Traders and investors noted and celebrated Gold’s alleged breakout from a its downtrend that began in 2011. Tuesday Gold closed at $1297/oz after nearly touching $1299/oz. Gold appeared to break its downtrend on the many charts that made the rounds. However, upon further inspection, there was no breakout from the 6-year downtrend on the weekly chart nor is Gold likely to sustain its strength in the days ahead.
First, let’s take a look at Gold’s weekly line chart on both a log scale and normal scale. Weekly charts are more significant than daily charts.

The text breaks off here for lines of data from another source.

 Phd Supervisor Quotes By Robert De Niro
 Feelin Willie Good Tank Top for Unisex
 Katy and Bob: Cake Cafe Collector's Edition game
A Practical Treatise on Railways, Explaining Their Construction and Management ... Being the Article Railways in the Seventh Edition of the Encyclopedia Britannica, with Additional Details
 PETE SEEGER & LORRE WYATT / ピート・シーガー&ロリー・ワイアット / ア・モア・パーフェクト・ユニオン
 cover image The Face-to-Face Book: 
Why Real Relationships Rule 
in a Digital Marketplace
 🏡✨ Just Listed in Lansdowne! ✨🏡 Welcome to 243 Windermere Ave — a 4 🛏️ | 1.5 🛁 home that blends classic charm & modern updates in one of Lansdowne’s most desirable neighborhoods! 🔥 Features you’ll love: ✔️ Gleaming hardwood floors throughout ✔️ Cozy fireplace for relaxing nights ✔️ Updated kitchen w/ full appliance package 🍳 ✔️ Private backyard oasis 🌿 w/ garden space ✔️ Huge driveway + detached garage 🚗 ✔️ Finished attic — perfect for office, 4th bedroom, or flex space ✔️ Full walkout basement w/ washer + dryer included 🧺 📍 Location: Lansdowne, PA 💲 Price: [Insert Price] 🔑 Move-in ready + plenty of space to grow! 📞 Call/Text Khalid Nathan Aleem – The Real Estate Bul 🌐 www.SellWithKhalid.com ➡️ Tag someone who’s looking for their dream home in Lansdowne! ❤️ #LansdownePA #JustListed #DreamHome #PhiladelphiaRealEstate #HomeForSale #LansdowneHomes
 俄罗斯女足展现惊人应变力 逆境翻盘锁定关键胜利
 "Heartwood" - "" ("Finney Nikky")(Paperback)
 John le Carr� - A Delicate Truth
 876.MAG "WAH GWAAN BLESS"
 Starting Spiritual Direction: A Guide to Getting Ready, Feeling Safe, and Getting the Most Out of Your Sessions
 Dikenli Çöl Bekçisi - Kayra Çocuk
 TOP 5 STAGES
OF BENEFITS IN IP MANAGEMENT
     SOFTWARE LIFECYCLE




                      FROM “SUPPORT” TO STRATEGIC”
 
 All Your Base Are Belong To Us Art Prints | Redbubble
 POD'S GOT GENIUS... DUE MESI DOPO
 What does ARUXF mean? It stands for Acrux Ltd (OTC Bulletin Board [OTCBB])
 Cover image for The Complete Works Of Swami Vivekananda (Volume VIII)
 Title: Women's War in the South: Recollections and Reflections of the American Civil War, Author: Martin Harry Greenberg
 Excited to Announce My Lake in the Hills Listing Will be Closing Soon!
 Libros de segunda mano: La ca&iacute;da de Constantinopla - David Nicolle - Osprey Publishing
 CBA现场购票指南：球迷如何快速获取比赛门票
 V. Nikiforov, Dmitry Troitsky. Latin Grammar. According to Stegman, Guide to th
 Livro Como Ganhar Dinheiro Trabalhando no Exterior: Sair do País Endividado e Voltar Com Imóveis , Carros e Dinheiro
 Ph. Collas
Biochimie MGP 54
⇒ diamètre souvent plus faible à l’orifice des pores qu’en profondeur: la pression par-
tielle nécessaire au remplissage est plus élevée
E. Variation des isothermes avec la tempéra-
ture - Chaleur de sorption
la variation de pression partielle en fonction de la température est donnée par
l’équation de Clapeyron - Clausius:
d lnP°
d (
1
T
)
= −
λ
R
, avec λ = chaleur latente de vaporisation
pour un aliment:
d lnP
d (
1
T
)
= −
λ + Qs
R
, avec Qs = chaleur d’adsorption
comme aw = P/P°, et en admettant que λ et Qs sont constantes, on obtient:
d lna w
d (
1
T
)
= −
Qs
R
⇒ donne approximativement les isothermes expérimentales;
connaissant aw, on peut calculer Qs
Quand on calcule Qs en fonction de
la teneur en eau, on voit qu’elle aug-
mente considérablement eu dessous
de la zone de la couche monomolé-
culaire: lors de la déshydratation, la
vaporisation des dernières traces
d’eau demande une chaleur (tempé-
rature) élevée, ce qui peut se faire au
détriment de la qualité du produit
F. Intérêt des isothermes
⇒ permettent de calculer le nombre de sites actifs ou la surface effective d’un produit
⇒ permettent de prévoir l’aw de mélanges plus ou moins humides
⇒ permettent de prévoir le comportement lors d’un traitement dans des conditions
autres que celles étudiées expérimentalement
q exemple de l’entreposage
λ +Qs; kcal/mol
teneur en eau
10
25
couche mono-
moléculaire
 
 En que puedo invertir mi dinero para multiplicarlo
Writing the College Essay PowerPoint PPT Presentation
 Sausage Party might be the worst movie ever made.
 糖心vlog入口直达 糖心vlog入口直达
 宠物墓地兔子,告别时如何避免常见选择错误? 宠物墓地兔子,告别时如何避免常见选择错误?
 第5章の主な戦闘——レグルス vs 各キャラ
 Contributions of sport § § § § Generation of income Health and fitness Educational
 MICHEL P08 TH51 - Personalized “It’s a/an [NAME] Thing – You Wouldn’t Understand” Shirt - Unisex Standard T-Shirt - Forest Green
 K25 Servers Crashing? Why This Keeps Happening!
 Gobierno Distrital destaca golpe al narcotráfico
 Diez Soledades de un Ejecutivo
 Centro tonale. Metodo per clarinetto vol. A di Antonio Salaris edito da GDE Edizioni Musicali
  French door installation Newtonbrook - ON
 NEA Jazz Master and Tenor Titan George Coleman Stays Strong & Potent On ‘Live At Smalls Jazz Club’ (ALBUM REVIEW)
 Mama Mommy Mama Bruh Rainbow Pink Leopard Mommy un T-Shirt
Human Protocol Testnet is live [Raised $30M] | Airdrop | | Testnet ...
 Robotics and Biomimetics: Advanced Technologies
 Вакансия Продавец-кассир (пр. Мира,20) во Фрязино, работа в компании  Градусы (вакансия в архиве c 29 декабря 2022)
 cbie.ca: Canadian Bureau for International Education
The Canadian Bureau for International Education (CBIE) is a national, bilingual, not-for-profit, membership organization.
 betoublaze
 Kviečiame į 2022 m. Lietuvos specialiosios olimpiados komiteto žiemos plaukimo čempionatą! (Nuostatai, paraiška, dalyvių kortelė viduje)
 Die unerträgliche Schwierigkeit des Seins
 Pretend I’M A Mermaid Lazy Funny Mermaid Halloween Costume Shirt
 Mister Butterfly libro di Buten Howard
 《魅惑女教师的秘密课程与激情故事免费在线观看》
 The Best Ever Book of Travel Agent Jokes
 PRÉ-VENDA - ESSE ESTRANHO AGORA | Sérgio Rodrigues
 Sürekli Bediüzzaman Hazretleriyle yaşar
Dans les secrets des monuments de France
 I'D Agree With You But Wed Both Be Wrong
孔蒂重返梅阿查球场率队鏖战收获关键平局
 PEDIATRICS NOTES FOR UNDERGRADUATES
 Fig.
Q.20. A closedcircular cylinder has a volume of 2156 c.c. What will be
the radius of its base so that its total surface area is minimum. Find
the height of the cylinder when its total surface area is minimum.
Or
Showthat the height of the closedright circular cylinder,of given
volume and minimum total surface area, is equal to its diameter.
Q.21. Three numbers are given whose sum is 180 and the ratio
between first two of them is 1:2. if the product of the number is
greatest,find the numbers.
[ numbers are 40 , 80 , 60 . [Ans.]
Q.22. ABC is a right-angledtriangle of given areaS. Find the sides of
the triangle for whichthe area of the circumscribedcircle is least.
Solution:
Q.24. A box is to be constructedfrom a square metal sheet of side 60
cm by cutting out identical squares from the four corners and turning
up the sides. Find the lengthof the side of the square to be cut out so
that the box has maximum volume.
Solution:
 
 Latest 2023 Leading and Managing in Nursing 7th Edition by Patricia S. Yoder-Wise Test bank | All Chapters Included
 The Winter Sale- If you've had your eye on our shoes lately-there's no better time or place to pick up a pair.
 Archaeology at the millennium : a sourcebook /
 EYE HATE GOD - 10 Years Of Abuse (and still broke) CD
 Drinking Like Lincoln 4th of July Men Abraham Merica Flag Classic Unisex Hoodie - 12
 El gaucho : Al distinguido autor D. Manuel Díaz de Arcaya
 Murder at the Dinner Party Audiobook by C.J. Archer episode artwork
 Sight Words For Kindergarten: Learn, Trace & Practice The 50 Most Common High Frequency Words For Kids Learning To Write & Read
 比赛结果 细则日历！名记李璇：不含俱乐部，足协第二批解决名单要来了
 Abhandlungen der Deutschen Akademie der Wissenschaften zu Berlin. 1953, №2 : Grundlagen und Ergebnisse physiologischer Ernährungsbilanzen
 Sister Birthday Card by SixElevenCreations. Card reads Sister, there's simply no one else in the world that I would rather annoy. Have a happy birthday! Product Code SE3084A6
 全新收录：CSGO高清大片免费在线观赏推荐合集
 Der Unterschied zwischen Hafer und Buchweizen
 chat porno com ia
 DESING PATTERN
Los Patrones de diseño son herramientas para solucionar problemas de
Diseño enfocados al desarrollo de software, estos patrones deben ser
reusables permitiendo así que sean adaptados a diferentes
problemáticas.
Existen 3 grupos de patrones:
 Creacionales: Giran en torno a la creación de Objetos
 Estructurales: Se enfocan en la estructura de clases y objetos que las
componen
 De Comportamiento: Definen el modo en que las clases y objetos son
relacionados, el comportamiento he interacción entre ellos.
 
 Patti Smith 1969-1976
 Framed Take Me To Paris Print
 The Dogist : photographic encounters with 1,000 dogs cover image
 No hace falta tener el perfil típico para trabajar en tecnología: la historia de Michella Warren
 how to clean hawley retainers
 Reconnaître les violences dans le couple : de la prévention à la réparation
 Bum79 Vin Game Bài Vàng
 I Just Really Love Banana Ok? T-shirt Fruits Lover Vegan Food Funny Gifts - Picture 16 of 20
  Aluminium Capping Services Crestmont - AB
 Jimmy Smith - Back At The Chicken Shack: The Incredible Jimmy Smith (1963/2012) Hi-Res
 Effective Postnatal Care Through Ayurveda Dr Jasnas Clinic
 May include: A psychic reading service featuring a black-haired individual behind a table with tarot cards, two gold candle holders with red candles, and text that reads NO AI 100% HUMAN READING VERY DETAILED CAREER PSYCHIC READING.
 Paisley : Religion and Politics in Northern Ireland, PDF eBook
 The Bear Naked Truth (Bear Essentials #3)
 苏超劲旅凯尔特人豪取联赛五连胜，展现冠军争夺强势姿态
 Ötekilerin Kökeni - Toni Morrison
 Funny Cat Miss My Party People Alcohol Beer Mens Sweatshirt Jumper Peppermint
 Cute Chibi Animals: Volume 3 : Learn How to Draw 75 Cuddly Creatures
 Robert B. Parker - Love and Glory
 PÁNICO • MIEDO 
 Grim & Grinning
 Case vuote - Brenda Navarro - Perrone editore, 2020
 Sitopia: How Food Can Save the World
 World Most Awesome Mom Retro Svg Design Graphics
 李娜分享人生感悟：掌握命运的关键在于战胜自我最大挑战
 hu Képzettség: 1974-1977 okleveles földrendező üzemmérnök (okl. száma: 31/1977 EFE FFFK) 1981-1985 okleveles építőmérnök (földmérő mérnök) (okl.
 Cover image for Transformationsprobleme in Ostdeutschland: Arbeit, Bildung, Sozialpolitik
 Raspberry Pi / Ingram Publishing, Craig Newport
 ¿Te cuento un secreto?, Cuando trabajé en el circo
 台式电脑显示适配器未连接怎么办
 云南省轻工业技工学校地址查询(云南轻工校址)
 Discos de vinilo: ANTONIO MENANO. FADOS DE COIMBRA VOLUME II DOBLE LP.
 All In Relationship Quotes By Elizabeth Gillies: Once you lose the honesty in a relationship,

We can see (in the following chart) that Gold has not come close to breaking the downtrend line that began in 2011. That trendline resistance comes into play at much higher levels. Gold has appeared to break the trendline resistance from the 2016 highs but it could prove to be a false breakout if Gold can’t close above $1300/oz.
There are two things to highlight in the next chart. First, on the weekly chart we can see that Gold closed the week well off its high of the week. A bar or candle chart shows a weekly reversal. Gold closed the week below its April closing high and even below last week’s close! Second, the real important resistance for Gold is not the trendline from the 2011 peak but $1300/oz as well as the peaks from 2013 and 2014 when Gold began its attempt to bottom. Gold will only be in the clear when it can takeout $1350-$1375/oz.